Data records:
/---
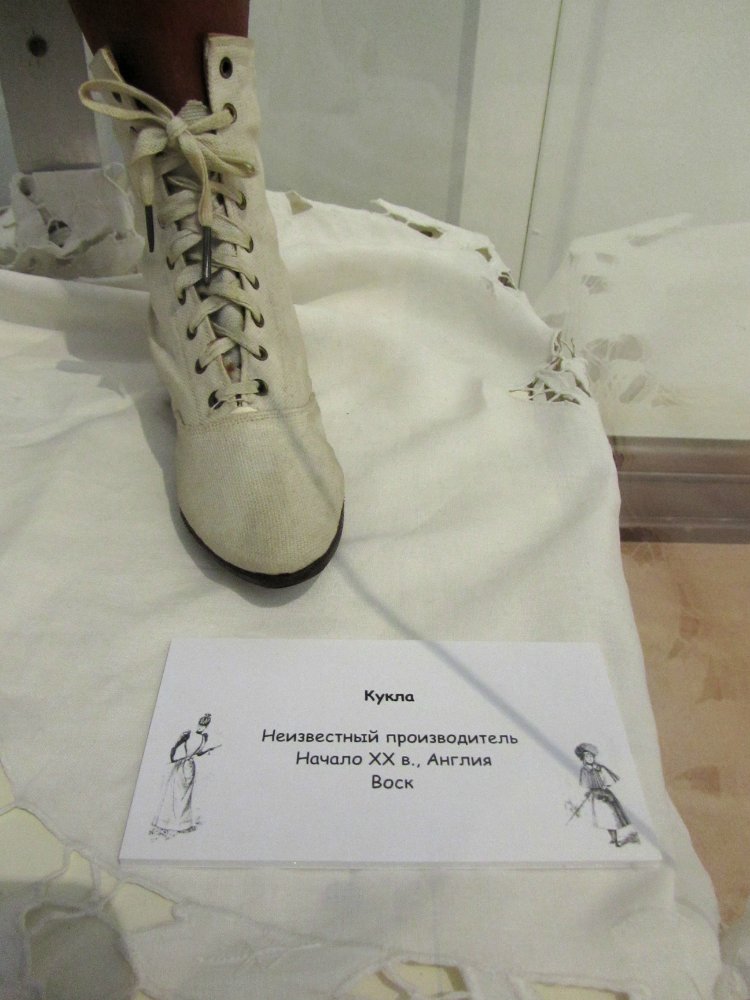 «Мода по-взрослому. Истории из кукольного гардероба» - выставка в Музее-заповеднике «Царицыно» - продолжение - 4-ый зал.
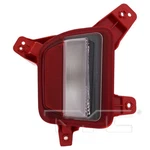 Tyc Left Side Backup Lamp Assy For Kia Telluride 2023-2025 Models. Fixed Price $97.00.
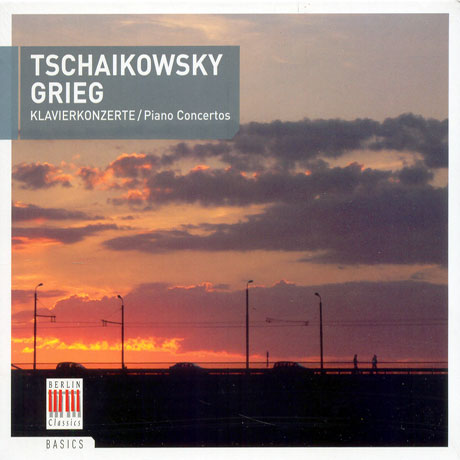 PIANO CONCERTOS/ ANNEROSE SCHMIDT/ KURT MASUR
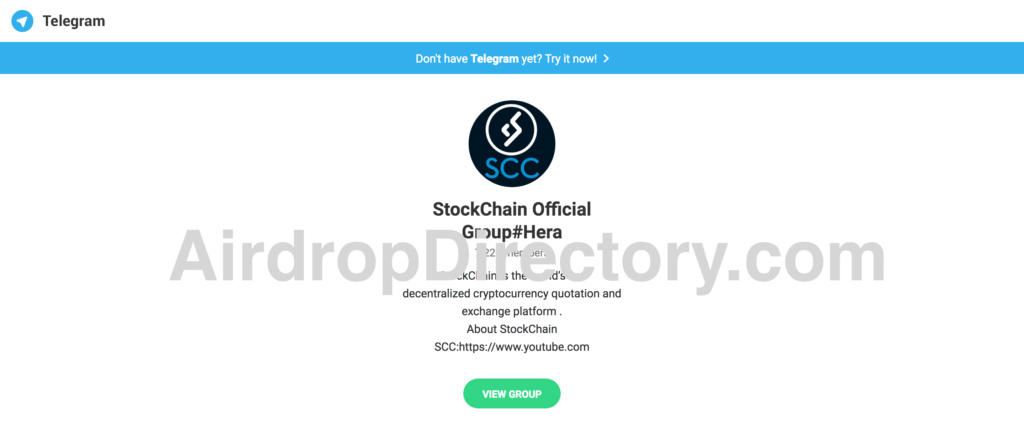 StockChain Airdrop Tutorial 4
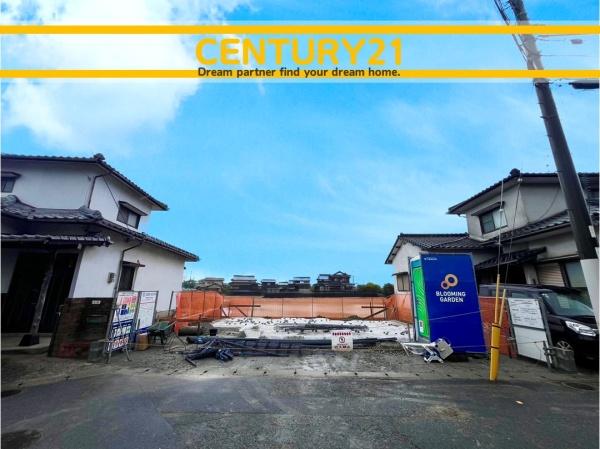 北九州市小倉南区沼南町1丁目　全1棟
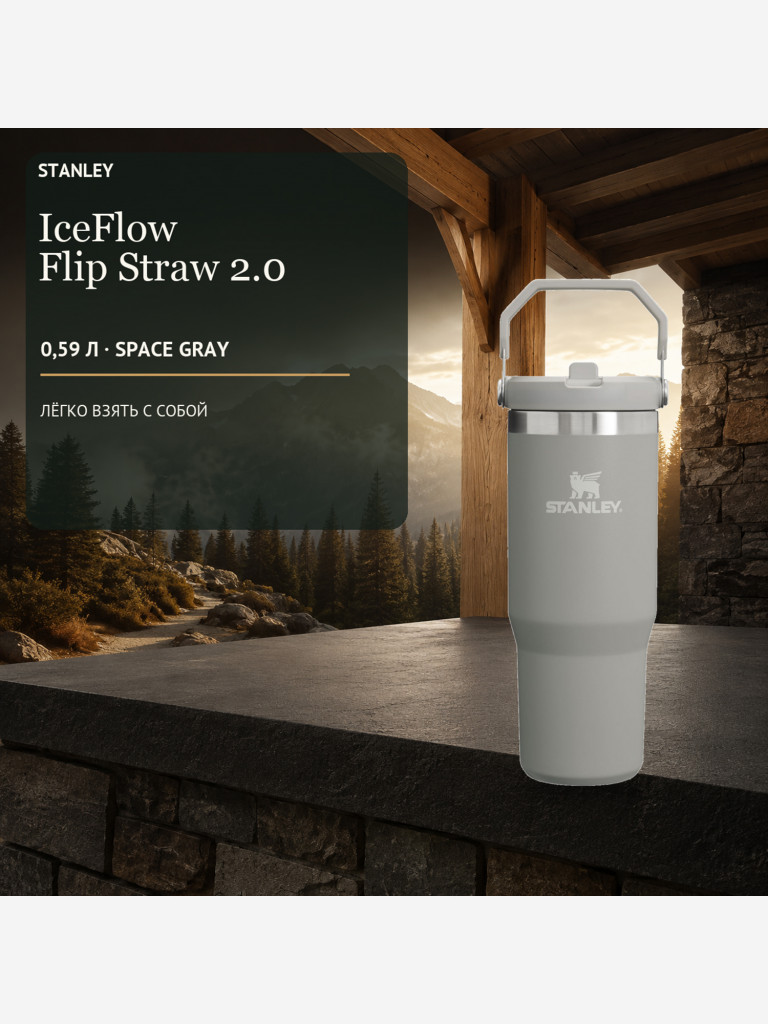 Термокружка STANLEY Iceflow2.0 0,59L (10-13318-003) светло-серая, шт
\---
### WORK REQUEST
Whenever a picture appears, leave it out, and return every record exactly.

### RESPONSE TO THIS TASK
 «Мода по-взрослому. Истории из кукольного гардероба» - выставка в Музее-заповеднике «Царицыно» - продолжение - 4-ый зал.
 Tyc Left Side Backup Lamp Assy For Kia Telluride 2023-2025 Models. Fixed Price $97.00.
 PIANO CONCERTOS/ ANNEROSE SCHMIDT/ KURT MASUR
 StockChain Airdrop Tutorial 4
 北九州市小倉南区沼南町1丁目　全1棟
 Термокружка STANLEY Iceflow2.0 0,59L (10-13318-003) светло-серая, шт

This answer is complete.